El terrorismo no era fruto de la religión islámica, sino del fanatismo político de los islamistas:
Son los herederos de todas las ideologías criminales del siglo XX. Al sacrificar vidas humanas para satisfacer sus visiones radicales –abandonando así cualquier valor menos la voluntad de mandar– siguen el camino del fascismo, el nazismo, el totalitarismo.
La guerra contra el terror, pronosticó Bush con precisión, iba a ser larga y se libraría en múltiples frentes. Pero en última instancia la única forma de impedir que Al Qaeda y sus aliados impusieran una "era de terror" pasaba por que América fraguara una "era de libertad, aquí y en todo el mundo". Así como Bush hizo muchas cosas mal tras el 11-S, su análisis de que el origen del terrorismo islamista se encontraba en la falta de libertades en el Medio Oriente fue uno de sus grandes aciertos.
Hubo muchos que no acertaron. Muchos que insistían en que el terrorismo se alimentaba de la pobreza o la falta de formación. Otros analistas se apresuraron a explicar el 11-S como fruto de la "arrogancia" estadounidense o como reacción al conflicto palestino-israelí. En realidad, como demostró el economista de Princeton Alan Krueger en ¿Qué es lo que hace a un terrorista? (2007), para eso es mucho mejor analizar el estado de las libertades civiles y los derechos políticos en el territorio que nos preocupe.
La campaña de Bush para democratizar el Medio Oriente, lo que más tarde se conocería como Agenda de la Libertad, nació de la convicción de que la mejor forma de acabar con el odio yihadista consiste en drenar los pantanos de los que emerge: las dictaduras y teocracias del Medio Oriente islámico. "Los terroristas prosperan gracias al apoyo de los tiranos y al resentimiento de los oprimidos", dijo en 2003. "Cuando los tiranos caen y el resentimiento da paso a la esperanza, los hombres y las mujeres de toda cultura rechazan las ideologías del terror y se dedican a la búsqueda de la paz".

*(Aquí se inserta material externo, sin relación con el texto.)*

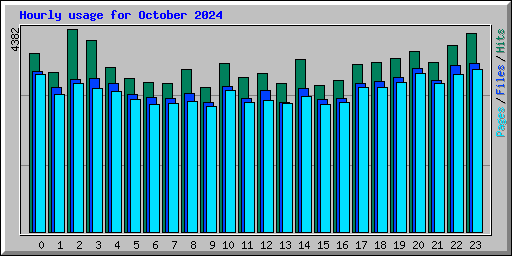 Hourly usage for October 2024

Durante décadas, los realistas en política exterior argumentaron que, en el mundo árabe, la estabilidad era más importante que la libertad, por lo que era mejor tolerar a los regímenes opresivos que un cambio democrático, dado los riesgos inherentes a este último. Esa fue la hoja de ruta que condujo al 11 de Septiembre.
Hoy, 10 años después, la región es más inestable de lo que lo ha sido en mucho tiempo. El dictador de Irak está muerto, el de Libia anda desaparecido y las exigencias de libertad y reforma democrática han conmovido los cimientos de numerosos regímenes, empezando por los de Túnez, Siria e Irán. Pero ¿quién no prefiere la agitación y la emoción violenta de ahora, en vez de la ilusoria estabilidad de 2001?
No, el terror islamista no ha sido erradicado. La democracia liberal dista mucho de ser una realidad en el mundo islámico. Pero estamos incursos en una lucha de ideas, y a medida que luchemos no sólo contra los terroristas, sino contra las venenosas ideas que los motivan, iremos ganando poco a poco la guerra que empezó el 11 de septiembre de 2001.